• Instructions to follow: When you reach the line containing "Marigold Tilla Embroidered" in the entries below, begin reproducing lines exactly, and stop once the line containing "Summit Ridge Mesh" is done.

** Input data follows **

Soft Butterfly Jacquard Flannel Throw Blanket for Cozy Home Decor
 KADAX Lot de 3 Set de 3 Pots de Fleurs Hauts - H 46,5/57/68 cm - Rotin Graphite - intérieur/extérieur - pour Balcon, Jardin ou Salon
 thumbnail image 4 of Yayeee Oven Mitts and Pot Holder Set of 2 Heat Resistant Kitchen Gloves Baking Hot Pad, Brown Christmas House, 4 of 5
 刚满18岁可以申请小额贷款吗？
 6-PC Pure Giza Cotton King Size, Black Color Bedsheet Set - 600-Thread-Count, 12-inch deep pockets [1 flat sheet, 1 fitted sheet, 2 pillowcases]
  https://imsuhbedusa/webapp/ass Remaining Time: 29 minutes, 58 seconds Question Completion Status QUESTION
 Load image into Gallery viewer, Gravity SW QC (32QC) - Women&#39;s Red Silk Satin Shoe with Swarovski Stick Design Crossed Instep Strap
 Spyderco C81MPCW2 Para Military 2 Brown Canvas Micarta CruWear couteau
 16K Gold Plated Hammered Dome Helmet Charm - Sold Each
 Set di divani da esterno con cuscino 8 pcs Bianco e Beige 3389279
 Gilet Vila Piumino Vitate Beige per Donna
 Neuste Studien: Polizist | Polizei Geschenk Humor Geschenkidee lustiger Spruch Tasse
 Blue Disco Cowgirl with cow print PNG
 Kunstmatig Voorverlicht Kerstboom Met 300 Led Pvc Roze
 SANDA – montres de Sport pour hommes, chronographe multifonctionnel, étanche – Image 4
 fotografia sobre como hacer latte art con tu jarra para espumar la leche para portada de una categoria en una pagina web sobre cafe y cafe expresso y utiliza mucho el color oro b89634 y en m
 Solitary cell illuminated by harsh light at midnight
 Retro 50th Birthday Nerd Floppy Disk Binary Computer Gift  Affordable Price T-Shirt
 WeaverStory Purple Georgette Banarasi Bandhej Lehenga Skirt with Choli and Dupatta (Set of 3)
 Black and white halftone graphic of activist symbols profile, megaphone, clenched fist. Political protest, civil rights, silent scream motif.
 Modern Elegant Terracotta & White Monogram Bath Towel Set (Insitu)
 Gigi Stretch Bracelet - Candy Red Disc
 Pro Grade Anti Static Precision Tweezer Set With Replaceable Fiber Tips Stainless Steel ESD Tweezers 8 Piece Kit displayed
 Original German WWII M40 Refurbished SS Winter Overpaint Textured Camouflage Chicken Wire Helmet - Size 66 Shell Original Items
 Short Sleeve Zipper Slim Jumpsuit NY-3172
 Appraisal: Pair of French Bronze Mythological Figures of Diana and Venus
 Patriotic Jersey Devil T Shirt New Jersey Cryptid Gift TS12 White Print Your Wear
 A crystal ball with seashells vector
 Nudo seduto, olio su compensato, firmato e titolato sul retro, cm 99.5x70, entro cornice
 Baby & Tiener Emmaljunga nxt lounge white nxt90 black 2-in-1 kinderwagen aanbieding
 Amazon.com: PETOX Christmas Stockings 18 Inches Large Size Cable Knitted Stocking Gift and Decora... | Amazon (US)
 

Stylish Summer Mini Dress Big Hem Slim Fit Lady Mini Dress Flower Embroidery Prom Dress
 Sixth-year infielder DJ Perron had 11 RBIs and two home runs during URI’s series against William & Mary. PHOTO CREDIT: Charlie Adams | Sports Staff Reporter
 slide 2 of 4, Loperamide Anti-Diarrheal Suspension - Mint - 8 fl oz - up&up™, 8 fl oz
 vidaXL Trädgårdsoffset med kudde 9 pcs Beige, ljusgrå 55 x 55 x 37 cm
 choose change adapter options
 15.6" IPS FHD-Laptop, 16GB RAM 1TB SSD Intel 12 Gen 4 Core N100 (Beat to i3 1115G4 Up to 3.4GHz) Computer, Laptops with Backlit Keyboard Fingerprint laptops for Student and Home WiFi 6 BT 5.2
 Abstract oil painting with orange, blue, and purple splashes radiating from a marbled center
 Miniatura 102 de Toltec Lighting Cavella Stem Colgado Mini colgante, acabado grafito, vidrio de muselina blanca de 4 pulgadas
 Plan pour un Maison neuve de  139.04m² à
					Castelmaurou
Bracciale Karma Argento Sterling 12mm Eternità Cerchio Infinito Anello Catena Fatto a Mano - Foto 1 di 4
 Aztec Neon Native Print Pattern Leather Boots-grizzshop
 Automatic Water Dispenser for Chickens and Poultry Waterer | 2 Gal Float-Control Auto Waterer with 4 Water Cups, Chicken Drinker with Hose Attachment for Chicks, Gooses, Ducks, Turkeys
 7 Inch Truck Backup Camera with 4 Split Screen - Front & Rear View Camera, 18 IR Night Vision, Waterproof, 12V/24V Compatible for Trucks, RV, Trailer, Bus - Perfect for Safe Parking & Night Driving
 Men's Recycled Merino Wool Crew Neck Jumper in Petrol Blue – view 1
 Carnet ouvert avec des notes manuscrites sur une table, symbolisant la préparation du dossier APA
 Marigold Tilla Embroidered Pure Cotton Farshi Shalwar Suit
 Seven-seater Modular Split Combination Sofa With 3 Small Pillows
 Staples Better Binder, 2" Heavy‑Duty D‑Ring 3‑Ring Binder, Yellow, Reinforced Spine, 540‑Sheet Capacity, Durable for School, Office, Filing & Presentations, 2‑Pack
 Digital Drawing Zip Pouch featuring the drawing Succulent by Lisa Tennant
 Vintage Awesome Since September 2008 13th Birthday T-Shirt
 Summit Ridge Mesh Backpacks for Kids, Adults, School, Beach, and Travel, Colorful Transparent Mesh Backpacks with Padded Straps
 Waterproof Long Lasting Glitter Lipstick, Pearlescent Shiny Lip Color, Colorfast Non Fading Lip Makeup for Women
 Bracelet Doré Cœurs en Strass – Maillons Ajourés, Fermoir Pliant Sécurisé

** End of Input data **

• Task result:
 Marigold Tilla Embroidered Pure Cotton Farshi Shalwar Suit
 Seven-seater Modular Split Combination Sofa With 3 Small Pillows
 Staples Better Binder, 2" Heavy‑Duty D‑Ring 3‑Ring Binder, Yellow, Reinforced Spine, 540‑Sheet Capacity, Durable for School, Office, Filing & Presentations, 2‑Pack
 Digital Drawing Zip Pouch featuring the drawing Succulent by Lisa Tennant
 Vintage Awesome Since September 2008 13th Birthday T-Shirt
 Summit Ridge Mesh Backpacks for Kids, Adults, School, Beach, and Travel, Colorful Transparent Mesh Backpacks with Padded Straps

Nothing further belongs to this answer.